Around mile twelve, I picked up a CMS teammate, a young woman I recognized but didn’t know well, and glommed on to her steady pace under the theory that two CMS jerseys were better than one and it might give us both a boost, and perhaps even a few hoots from the crowd. About the same time, while tracking her, I passed my New York buddy the Brooklyn Barrister, up for his first Boston, and having what I’d find out later was a day that hurt to even read about – worse than even what the weather dished out. It wasn’t till I’d overtaken him that he spotted me, but being slightly blinded by the dim and rain-streaked light of the cheap shades, I was hesitant to spin around to see him for fear that I’d trip over something I could barely see, instead shouting and hoping he’d join me. “I’m laboring!” was the last I’d hear from him till he recounted his own personal nightmare a few days later.

At sixteen, Dearest Spouse was out there. I’d given her dispensation to skip this one, but love and dedication know no bounds. I couldn’t even give her the joy of sidling left, out of the shortest tangent path, to swing closely by, as everyone was huddled on the right, on the inside track of the curve. Even though drafting wasn’t terribly effective, not drafting was worse. Swinging wide into the wind just seemed unthinkable.

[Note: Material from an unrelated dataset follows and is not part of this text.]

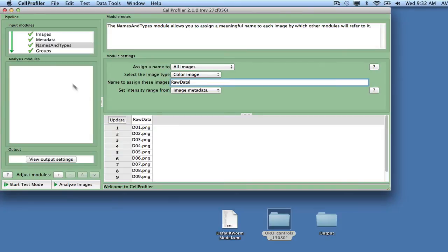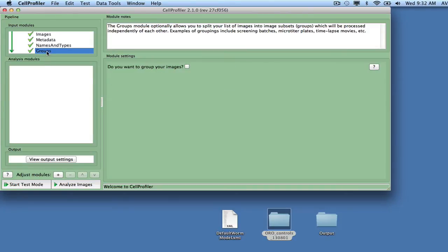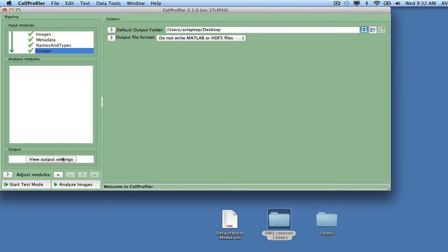The groups module is not needed for this assay, so it can be left at its default setting. In order to load the worm model, you will need to adjust the output settings. Click on the View Output Settings button in the bottom left of the CellProfiler interface, and then adjust the default output folder to point to the folder where you want to store your output.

Heartbreak hurt, Heartbreak slowed me, but Heartbreak didn’t kill me. Shortly thereafter, cold killed me. The heat equation hit zero balance coming down the back side, and systems began to shut down. Past the Graveyard, through Cleveland Circle, those repeated dousings had taken their toll. Staying vertical became the challenge. I knew my hometown club, Highland City, was manning the pedestrian crossings at twenty-three and twenty-four. That bit of coming familiarity was a bigger boost than you’d expect; it was cathartic to holler, “This SUCKS!” to friendly faces, especially one friendly face who was, to my spirit-lightening humor, wearing a rubber-ducky kid’s swim float around her middle. Little things. Thanks, peeps.

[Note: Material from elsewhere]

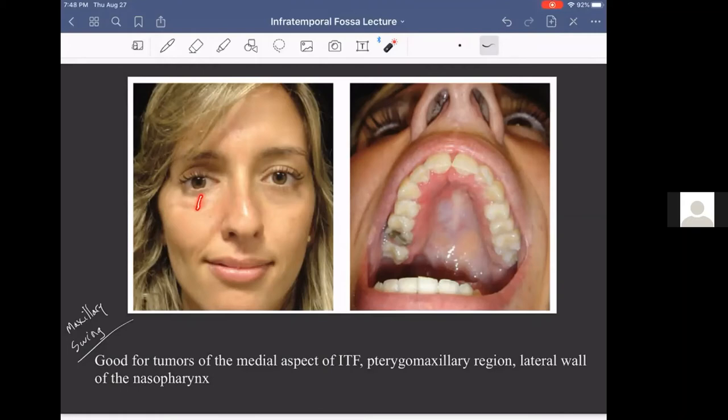The maxillary swing is best for tumors on the medial aspect of the infratemporal fossa — that tumor would have been too large for a medial maxillectomy alone. It also provides a good view of the pterygomaxillary region and the nasopharynx.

At forty kilometers it was walk or fall. I stumbled from there to the twenty-five mile mark, a mere two tenths of a mile that seemed to take a lifetime. Irony of ironies, there happened to be a timing mat at both forty kilometers and twenty-five-point-two miles – the mile-to-go mark – so this lowest point was forever memorialized in a really bad pace readout. One more brief walk coming out of the Mass Ave tunnel, that Divine Wind of Hereford, about six years to get down Boylston Street, and it was over. Requalified for next year. If I lived that long, which at that moment, wasn’t certain.

The human body delivers far beyond what anyone can expect of it.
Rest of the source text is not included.